Non esiste un numero corretto di fotografie per un reportage.
La quantità dipende dalla storia, dalla durata del lavoro e dal mezzo attraverso cui verrà presentata.
Un reportage destinato a un articolo può richiedere una selezione diversa rispetto a una mostra o a un progetto fotografico personale.
Il criterio più semplice è verificare se ogni nuova fotografia aggiunge qualcosa.
Quando inizi ad aggiungere immagini soltanto perché sono belle, ma ripetono informazioni già presenti, probabilmente la serie è già abbastanza completa.
Un esercizio pratico per allenare lo storytelling
Scegli una situazione quotidiana e fotografala per circa un’ora.
Non cercare necessariamente qualcosa di spettacolare.

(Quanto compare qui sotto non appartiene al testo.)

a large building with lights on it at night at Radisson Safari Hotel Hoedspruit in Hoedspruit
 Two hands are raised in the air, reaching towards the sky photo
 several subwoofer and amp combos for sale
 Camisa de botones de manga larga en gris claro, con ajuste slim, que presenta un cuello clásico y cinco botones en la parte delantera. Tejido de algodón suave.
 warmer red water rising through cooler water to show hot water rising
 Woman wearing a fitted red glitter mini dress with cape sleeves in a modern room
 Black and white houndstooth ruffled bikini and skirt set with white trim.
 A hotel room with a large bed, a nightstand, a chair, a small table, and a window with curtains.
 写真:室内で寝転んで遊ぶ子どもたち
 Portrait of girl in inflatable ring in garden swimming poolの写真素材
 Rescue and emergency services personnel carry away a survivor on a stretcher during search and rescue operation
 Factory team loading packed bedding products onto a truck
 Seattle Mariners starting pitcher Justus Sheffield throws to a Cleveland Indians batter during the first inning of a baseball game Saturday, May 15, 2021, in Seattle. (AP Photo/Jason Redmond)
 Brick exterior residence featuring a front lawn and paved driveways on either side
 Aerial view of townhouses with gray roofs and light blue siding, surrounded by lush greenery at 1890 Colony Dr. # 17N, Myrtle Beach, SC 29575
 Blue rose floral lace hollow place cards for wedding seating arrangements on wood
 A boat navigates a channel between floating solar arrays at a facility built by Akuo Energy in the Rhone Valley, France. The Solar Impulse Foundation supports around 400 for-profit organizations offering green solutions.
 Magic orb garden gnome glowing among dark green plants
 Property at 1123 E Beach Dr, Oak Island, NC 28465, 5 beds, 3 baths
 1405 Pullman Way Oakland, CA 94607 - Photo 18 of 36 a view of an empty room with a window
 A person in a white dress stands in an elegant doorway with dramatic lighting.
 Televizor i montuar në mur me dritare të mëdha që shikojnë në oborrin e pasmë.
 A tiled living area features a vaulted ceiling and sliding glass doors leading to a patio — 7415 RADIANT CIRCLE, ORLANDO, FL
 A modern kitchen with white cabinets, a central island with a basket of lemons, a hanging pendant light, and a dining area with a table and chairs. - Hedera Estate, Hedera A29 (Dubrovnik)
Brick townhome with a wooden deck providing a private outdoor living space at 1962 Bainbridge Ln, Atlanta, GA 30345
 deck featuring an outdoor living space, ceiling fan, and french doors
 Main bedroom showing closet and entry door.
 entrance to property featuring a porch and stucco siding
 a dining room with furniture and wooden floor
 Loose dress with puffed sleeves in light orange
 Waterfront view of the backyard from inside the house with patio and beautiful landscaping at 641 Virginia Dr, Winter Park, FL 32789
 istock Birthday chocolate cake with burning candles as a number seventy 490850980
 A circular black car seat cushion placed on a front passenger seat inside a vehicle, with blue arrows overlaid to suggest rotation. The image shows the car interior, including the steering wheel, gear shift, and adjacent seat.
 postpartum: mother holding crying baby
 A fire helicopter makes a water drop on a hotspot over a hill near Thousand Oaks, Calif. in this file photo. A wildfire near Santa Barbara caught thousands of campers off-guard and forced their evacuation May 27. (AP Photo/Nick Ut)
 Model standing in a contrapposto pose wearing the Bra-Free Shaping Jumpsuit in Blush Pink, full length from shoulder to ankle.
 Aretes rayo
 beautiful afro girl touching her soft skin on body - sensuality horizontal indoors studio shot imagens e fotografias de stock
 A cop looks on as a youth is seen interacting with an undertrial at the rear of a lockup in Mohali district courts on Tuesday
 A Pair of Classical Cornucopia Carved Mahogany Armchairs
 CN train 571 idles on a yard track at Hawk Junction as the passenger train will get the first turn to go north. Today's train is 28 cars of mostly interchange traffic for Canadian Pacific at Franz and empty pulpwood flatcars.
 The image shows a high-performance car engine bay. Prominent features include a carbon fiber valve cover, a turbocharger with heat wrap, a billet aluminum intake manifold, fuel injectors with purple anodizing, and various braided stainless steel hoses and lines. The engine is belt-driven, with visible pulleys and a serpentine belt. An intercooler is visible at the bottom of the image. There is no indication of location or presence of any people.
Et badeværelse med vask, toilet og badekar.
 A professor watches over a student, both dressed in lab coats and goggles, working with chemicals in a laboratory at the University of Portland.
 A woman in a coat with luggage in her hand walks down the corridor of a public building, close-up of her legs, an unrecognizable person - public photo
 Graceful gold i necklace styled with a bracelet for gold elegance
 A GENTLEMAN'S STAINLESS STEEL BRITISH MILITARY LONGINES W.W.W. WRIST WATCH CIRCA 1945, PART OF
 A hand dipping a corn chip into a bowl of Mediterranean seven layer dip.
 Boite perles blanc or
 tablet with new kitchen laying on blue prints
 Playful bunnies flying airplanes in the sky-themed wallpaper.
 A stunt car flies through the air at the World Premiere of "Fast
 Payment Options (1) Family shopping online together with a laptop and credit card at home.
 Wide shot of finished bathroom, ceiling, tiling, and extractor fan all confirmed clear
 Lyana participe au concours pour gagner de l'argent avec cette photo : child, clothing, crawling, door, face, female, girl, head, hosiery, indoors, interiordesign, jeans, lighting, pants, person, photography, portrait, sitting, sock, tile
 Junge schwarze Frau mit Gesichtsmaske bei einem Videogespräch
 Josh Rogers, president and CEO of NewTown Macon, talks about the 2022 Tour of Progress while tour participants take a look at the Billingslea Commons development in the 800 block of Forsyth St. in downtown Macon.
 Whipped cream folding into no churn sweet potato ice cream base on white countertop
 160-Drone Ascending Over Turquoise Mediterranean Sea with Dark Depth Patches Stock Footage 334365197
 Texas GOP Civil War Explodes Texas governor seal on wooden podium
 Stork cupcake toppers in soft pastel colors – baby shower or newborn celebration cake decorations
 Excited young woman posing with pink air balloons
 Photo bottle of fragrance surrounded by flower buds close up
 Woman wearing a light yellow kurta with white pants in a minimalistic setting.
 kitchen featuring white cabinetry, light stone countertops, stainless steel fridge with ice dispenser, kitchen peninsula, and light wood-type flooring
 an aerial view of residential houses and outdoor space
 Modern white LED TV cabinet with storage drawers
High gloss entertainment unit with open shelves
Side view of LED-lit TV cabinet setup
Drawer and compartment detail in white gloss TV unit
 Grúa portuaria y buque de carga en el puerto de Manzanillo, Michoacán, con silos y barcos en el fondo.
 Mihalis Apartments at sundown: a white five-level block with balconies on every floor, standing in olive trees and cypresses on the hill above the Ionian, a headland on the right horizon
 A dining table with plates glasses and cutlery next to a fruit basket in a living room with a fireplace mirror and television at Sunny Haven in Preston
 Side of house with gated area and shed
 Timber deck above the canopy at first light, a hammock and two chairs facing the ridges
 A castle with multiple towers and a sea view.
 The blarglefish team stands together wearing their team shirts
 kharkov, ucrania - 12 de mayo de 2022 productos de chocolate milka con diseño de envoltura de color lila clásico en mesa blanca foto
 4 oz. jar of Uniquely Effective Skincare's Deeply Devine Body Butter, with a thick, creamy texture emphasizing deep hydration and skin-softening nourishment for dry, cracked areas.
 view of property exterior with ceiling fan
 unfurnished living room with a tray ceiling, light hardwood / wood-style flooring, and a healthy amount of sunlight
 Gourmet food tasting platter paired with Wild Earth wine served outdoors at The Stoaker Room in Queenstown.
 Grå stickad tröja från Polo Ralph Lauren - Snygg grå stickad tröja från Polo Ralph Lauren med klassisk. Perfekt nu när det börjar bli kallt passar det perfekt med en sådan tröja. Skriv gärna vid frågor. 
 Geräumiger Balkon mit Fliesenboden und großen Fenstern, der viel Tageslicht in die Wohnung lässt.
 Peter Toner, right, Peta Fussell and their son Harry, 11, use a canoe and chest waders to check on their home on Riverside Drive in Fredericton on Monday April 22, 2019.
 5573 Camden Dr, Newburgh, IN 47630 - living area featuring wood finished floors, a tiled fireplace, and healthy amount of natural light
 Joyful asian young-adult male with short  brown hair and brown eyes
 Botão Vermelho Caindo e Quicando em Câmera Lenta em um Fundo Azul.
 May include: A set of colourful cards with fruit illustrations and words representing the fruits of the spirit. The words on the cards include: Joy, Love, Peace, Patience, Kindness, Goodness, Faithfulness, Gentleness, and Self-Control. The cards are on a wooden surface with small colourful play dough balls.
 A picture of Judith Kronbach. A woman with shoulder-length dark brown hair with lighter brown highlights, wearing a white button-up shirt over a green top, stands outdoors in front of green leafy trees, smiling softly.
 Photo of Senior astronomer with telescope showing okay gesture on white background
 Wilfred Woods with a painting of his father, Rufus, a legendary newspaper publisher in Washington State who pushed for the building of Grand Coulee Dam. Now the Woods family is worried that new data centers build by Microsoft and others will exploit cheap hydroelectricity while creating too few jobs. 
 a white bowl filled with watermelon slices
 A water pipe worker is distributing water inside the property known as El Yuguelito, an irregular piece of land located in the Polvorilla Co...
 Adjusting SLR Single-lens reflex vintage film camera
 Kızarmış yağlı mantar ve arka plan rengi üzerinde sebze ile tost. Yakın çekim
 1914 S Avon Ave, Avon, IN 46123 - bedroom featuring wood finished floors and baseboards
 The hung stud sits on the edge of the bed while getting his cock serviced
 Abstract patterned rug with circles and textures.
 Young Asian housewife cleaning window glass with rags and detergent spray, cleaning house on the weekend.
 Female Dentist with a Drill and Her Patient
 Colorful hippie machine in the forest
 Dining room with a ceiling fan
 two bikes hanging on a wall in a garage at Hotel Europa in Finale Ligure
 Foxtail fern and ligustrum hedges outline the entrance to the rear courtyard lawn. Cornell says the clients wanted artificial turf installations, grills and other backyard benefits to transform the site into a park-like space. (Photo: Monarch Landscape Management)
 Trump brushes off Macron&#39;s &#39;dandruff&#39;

Prova invece a realizzare:
- una fotografia che mostri il luogo;
- una che presenti i protagonisti;
- una che mostri l’attività principale;
- un momento di interazione;
- un dettaglio;
- un momento di pausa;
- una fotografia conclusiva.
Poi riduci tutto a cinque immagini.
Guardale nell’ordine scelto e chiediti se una persona che non era presente riuscirebbe a capire dove si trovava, cosa stava succedendo e quali erano gli elementi principali della situazione.
Se manca qualcosa, non aggiungere automaticamente altre fotografie. Prima individua quale informazione manca.
Conclusione
Lo storytelling nel reportage non consiste nel costruire una storia prima di fotografarla.
Consiste nel comprendere una situazione, seguirne lo sviluppo e selezionare le immagini necessarie per raccontarla.
Osserva prima di scattare. Cerca il contesto oltre al soggetto principale. Alterna fotografie ampie, immagini ravvicinate e dettagli. Impara ad anticipare i momenti senza modificarli e presta attenzione al modo in cui rappresenti le persone.
Poi seleziona con criterio.
Un buon reportage non mostra tutto quello che è successo. Mostra ciò che serve per capire cosa è successo.